Per quanto riguarda la mia esperienza, devo dire che anche i miei pazienti operati con accesso postero-laterale, nella maggior parte dei casi, vengono messi in piedi già il giorno stesso dell’operazione e camminano già il giorno dopo. Quindi anche loro possono essere dimessi in 4 o 5 giorni con un grande incremento di autostima che aiuta moltissimo a migliorare il proprio recupero.
Io comunque preferisco farli restare qualche settimana nel reparto di riabilitazione intensiva e ritengo che questo vada tutto a vantaggio del paziente, che può così essere monitorato in modo più accurato e può avere un graduale ritorno alla vita a pieno regime.

Infatti, indipendentemente dalla via di accesso utilizzata, la protesi è un “pezzo di metallo” che viene “ incastrato” nell’osso e in ogni caso questo oggetto estraneo all’organismo deve avere il tempo di integrarsi al meglio con l’osso del paziente. La permanenza nel reparto di riabilitazione permette al paziente di acquisire una maggiore sicurezza nei movimenti della nuova articolazione e di recuperare al meglio il tono muscolare che gli garantirà un maggior benessere sul medio-lungo termine.
L’approccio chirurgico per l’impianto di protesi che quindi ritengo migliore è il postero-laterale. Questa scelta deriva dagli ottimi risultati conseguiti in 30 anni di esperienza sul campo, nei quali ho adottato e perfezionato questa tecnica. Ho utilizzato comunque altre vie d’accesso ed oggi, in casi specifici, utilizzo la via d’accesso anteriore mininvasiva, riservandola a soggetti molto magri e preferibilmente più anziani, oppure nelle fratture del collo che richiedono un impianto protesico. Questo perché nel giovane il recupero precoce è comunque un vantaggio, ma a distanza di pochi mesi non fa più la differenza, nell’anziano invece è di grande aiuto.

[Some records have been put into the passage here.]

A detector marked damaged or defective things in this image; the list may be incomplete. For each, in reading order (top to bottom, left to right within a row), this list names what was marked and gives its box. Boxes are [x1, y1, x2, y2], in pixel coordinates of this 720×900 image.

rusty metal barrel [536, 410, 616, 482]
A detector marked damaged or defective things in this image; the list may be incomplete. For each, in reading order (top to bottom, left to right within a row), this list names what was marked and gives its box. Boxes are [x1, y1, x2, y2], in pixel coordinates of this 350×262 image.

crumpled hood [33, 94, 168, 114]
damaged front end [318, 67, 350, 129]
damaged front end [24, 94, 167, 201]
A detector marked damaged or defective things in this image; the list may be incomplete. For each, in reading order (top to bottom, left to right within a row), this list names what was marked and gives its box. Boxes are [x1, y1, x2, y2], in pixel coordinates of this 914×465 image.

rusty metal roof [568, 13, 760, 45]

L’accesso postero laterale, comunque la via preferita dal 70% dei chirurghi che si occupano di protesi d’anca, generalmente viene usato sia nel caso di fratture del cotile, che nella patologia artrosica d’anca. Se però, un tempo, era necessario praticare un’incisione di 20-30 cm per inserire la protesi, grazie agli anni di ricerca e sperimentazione, oggi è possibile adottare l’approccio postero-laterale praticando un’incisione di soli 8 cm e inserendo una protesi che non compromette né muscoli, né ossa. Questo, oggi, permette di definire come mininvasivo anche la via chirurgica postero-laterale. Infine, grazie alla mininvasività, questo tipo di intervento permette un rapido recupero funzionale dell’arto, una riduzione del dolore dopo l’intervento e minori rischi di infezione.

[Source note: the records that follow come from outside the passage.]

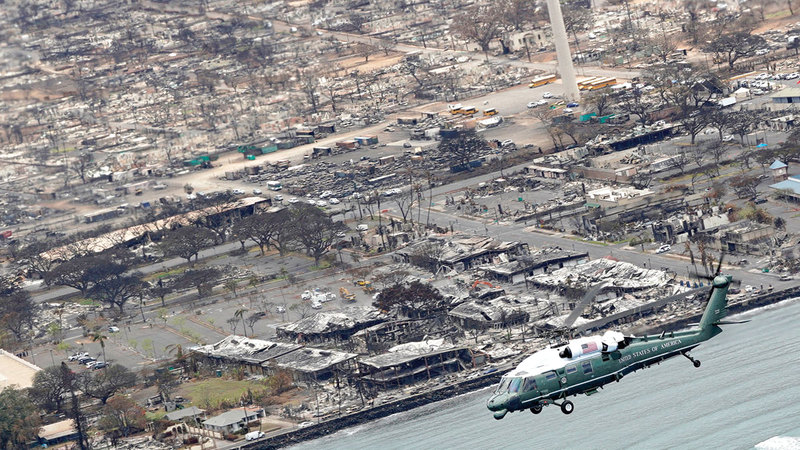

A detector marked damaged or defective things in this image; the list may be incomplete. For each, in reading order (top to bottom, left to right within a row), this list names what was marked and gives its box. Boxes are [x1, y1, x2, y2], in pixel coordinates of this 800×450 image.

fire-damaged structure [276, 306, 388, 344]
burned building [276, 308, 388, 342]
fire-damaged structure [191, 336, 356, 382]
burned building [360, 340, 478, 388]
fire-damaged structure [360, 340, 484, 388]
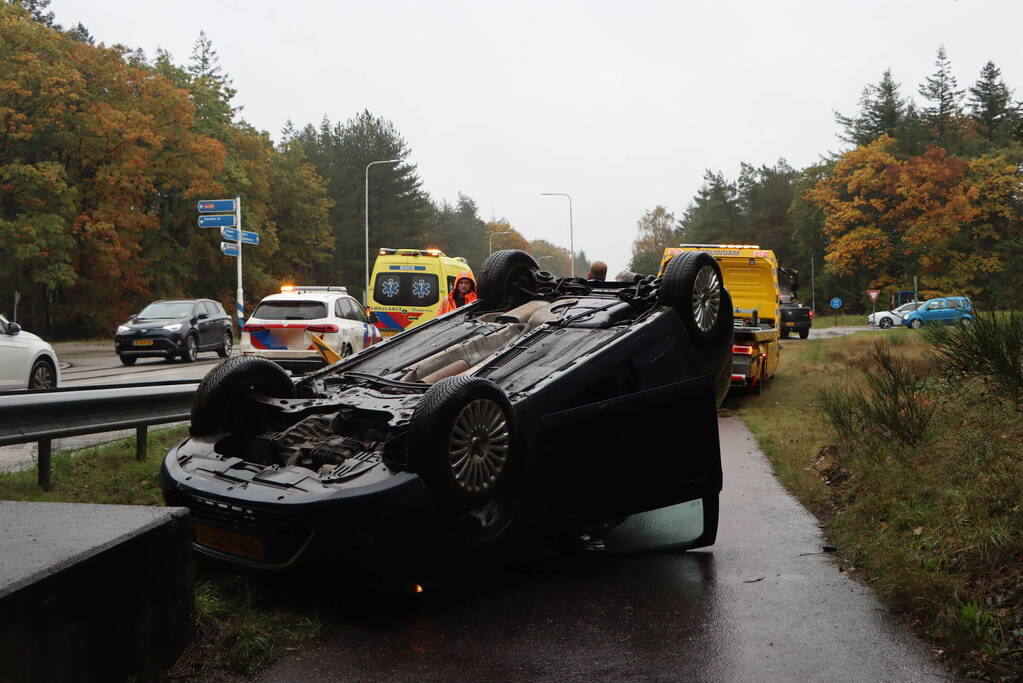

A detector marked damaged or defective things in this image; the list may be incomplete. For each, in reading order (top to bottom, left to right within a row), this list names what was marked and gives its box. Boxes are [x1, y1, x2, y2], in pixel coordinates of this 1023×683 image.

exposed car wheel [480, 249, 544, 310]
exposed car wheel [658, 250, 732, 343]
exposed car wheel [27, 357, 56, 388]
exposed car wheel [180, 335, 197, 361]
exposed car wheel [216, 331, 233, 357]
exposed car wheel [190, 355, 294, 435]
overturned black car [159, 250, 736, 572]
exposed car wheel [407, 374, 515, 507]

Rispetto all’intervento eseguito per via anteriore, la via postero-laterale permette di avere tempi operatori minori, quindi minor sanguinamento e minor rischio infettivo. Questo approccio permette inoltre di operare di protesi quei pazienti che presentano gravi deformità sia post-traumatiche che displasiche, tutte situazioni nelle quali l’approccio anteriore è assolutamente svantaggioso. Ma la cosa più importante, a prescindere dall’approccio scelto, è il corretto posizionamento della protesi. Infatti, quello che conta davvero in termini di successo dell’intervento, è la risoluzione definitiva del problema, con una sopravvivenza della protesi di oltre 30 anni.